Claisebrook railway station is a railway station on the Transperth network. It is located on the Armadale/Thornlie line, Midland line and Airport line, 1.3 kilometres from Perth station serving the suburb of East Perth.

History
Opened in 1883 under the name East Perth, Claisebrook station is a busy junction along the Midland and Armadale/Thornlie lines due to both lines running through the station and the Claisebrook railway depot being next door.

The original railway station was built in timber with hardwood weatherboarding and external and timber lining. Rendered brick fireplaces were built in two of the rooms - possibly the waiting rooms and railway staff room and had very elegant rendered chimney caps providing a balance to the roof.
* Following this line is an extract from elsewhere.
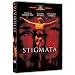 Stigmata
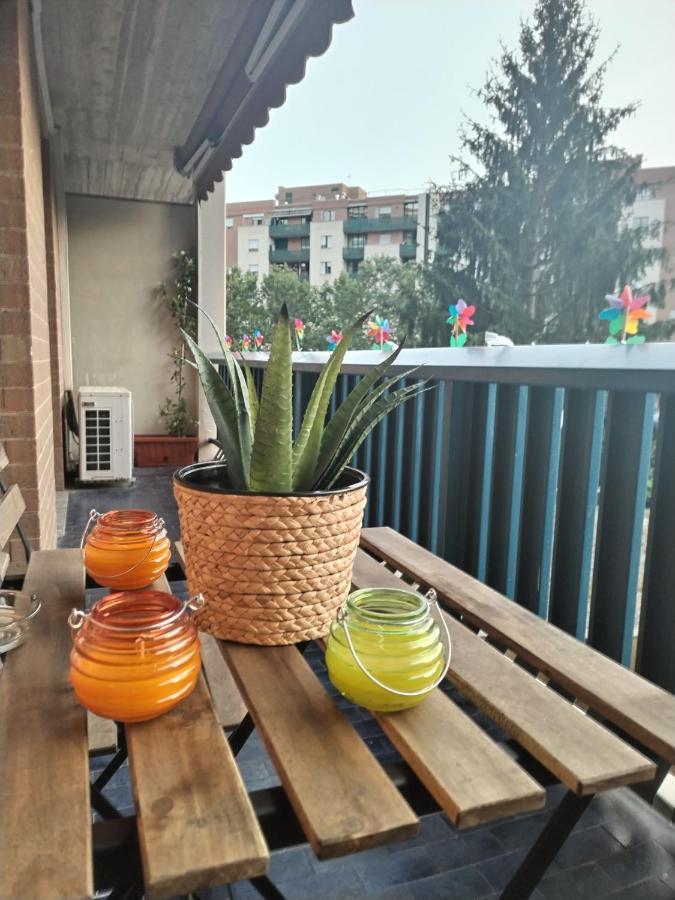 ペルージャ Le Fonti Di Veggio Bed & Breakfast エクステリア 写真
The Battye library carries the original plans and shows exposed heavy timber trussing of the roof which was very typical of the architecture of railway buildings of the era. The roofing was corrugated iron curved to provide a concave upper surface with the roof overhanging the tracks and providing cover to passengers leaving and arriving at the station.  As railway rolling stock grew taller the wide eaves and the timber trussing of the roof were trimmed back giving the roof a truncated appearance.
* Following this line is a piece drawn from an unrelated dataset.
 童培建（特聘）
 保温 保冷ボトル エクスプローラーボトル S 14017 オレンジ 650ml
The station was located centrally between the east and west bound tracks and provided access to both.  In 1984 the station was relocated to Whiteman Park to be the Central Station on the light railway system under construction in the majority by the Western Australian Light Railway Preservation Association and the Metropolitan Region Planning Authority funded under Wage Pause and Community Employment Programmes.
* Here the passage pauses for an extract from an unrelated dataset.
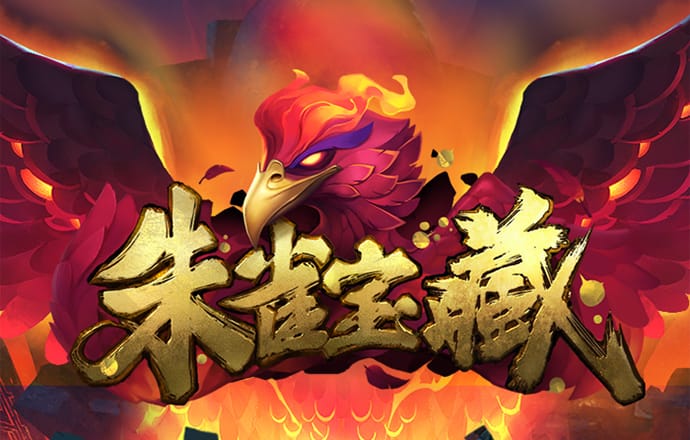 星空体育平台官网入口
In 1969, a new railway terminal was built 600 m away on the Midland line called East Perth, and caused this station to be renamed Claisebrook after a watercourse that is near the station. Between 2002 and 2003 the station was mostly rebuilt with new station structures, signage, platform finishes and a footbridge.

It has received Airport line services since 9 October 2022.

Platforms

The station saw 535,085 passengers in the 2013-14 financial year.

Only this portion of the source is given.